System time, UTC and leap seconds

Is there a good way of getting the system time as the atomic time (TAI)
rather than UTC? Or even a bad way? Atomic time is essentially UTC without
leap seconds.

Are leap seconds really just compiled into NT? Can they be inserted without
a service pack?

Thanks,

Jan Mikkelsen
xxxxx@transactionsite.com

At 11:48 PM 6/26/00 +1000, you wrote:

Is there a good way of getting the system time as the atomic time (TAI)
rather than UTC? Or even a bad way? Atomic time is essentially UTC without
leap seconds.

Are leap seconds really just compiled into NT? Can they be inserted without
a service pack?

My understanding is NT actually uses something closer to TAI time than UTC
time, except I believe the time service sets the current TAI time to
current UTC time. It doesn’t handle leap seconds at all. So the reported
UTC time glosses over leap second events, and calculation on time don’t
account for leap seconds.

I had a big discussion here about the lack of correctness of NT’s time
handing a while back. Most of the reactions here were I had way too much
free time if I could worry about such things. I though there were a number
for real applications where you need the system to really track UTC time,
and just resetting the clock daily was not such a great option. A lot of
programmers didn’t seem to want to face the reality that some UTC minutes
will have 61 seconds, and you can’t forecast when these minutes will
happen. You can look in a table of when they happen in the past, and have
some warning about upcoming leap seconds. The whole concept of time
calculation on UTC time values is just amazingly ugly.

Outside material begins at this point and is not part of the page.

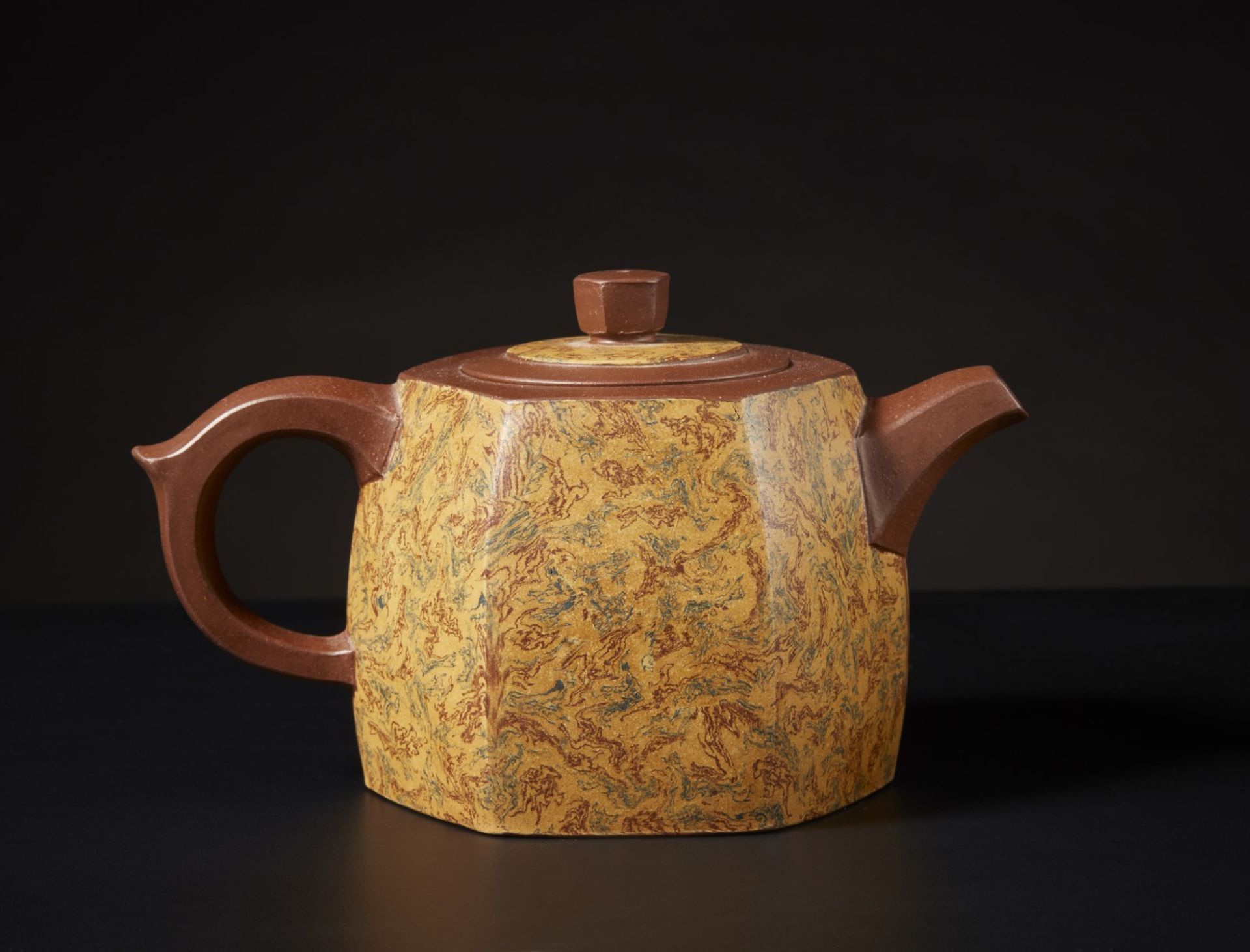 Arte Cinese  An Yixing teapot with marbled decorationChina, 20th century . - Bild 2 aus 3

Perhaps we should teach children (or even adults) about the reality of time
measurement. Personally, I learned about the magic of base 2 counting at an
early age (like 5th grade). My teachers and schoolmates were kind of
annoyed that my belief was fingers actually were great for counting up to
1023, instead of 10 (guess my fingers were two orders of magnitude better
than many fingers, just because of how I perceived them).